When a person experiences the infidelity of a partner in a relationship, it can really rock their world. Finding out your lover transgressed the commitments they made to you and to your relationship can feel like a big betrayal. Women often go into a place of inadequacy: Why wasn’t I enough? Of comparison: What does she have that I don’t? Of victimization: Why did they do this to me? Of insecurity (totally understandable—the relationship does feel unstable at that point) and low self-worth (I’m not enough).
Being “cheated on” sucks. Especially if you have been putting your all into the relationship, working on improving it and showing up fully. To find out your partner was lying and not showing up with you feels lonely and even despairing.

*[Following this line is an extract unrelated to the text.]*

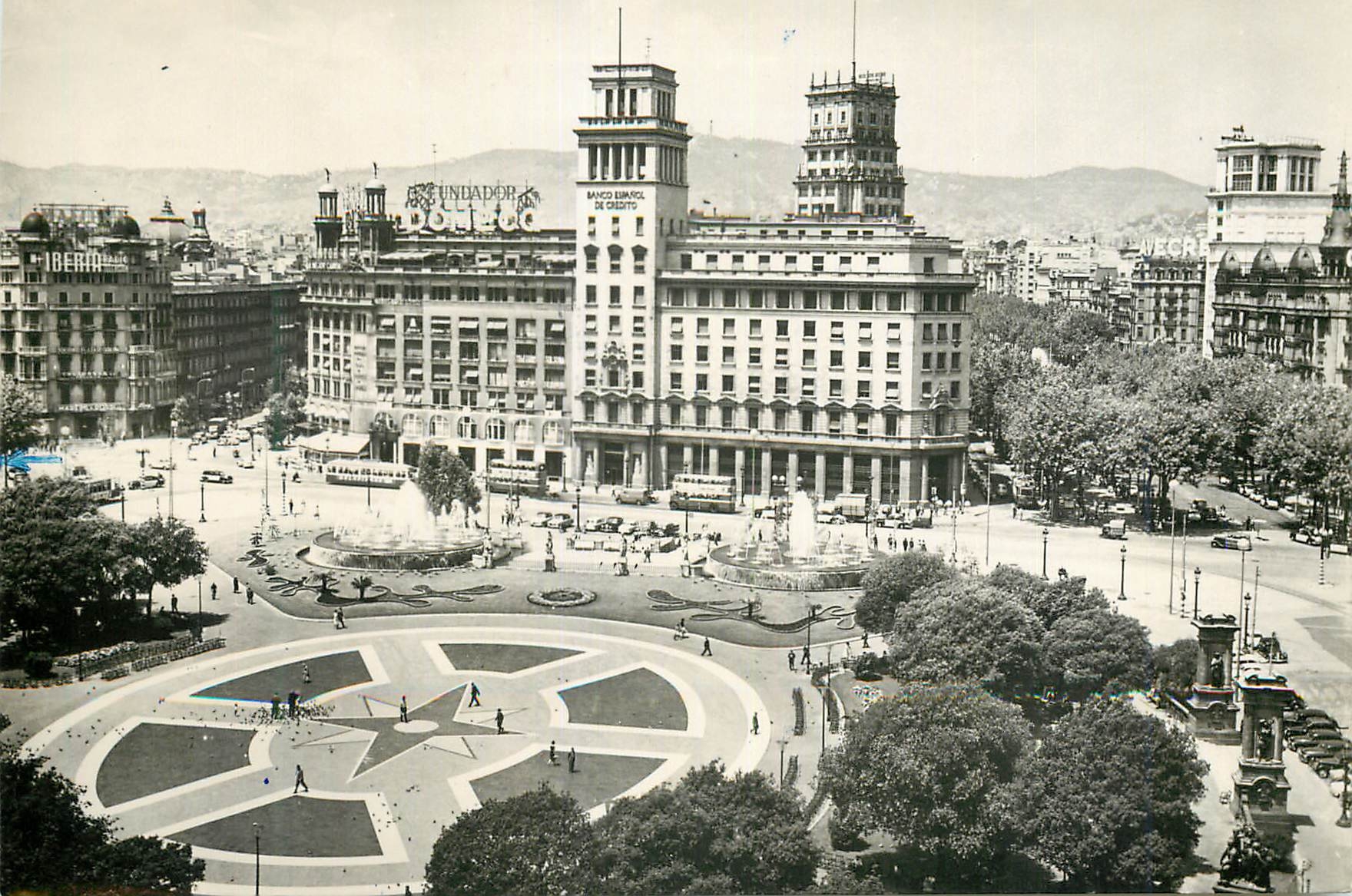 CPM Barcelona la Place de Catalogne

How cheating can be an opportunity
Yet, often, it’s a wake up call for how much both people were not fully showing up.
Many women come to me in my sexual empowerment coaching practice and disclose either having been cheated on or having had an affair themselves. I don’t judge people for having affairs. There is not a blanket meaning to attach to an affair. Although from the way the culture treats affairs, you would think so. Affairs relate to many things and they are always an opportunity to learn and grow.

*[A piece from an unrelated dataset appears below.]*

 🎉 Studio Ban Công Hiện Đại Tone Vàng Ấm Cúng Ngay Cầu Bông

We tend to do our deepest emotional work when a breach happens. A crisis, a traumatic event or a rupture that forces us to look at what is really going on within us and in our relationships.
Affairs are a common way people are forced to face how they are living and relating.
The role each person plays in an affair
Each player has a role in an affair. People who have been cheated on often don’t like to hear this if their victim self is being activated. We all have that victim part of ourselves and we all have to keep it in check because it will never empower us. The victim self thinks things and life happen to us and that we have no control or agency in what happens to us.
However, there is a deep grief and sadness that is natural for someone whose partner cheated, lied and hid. There is a true loss and a deep disenfranchisement from the love they thought they had. And you may have it, just not in the form you thought you did. It takes time to move through that deep grief and anger, and it can ultimately be productive, no matter how painful it is now.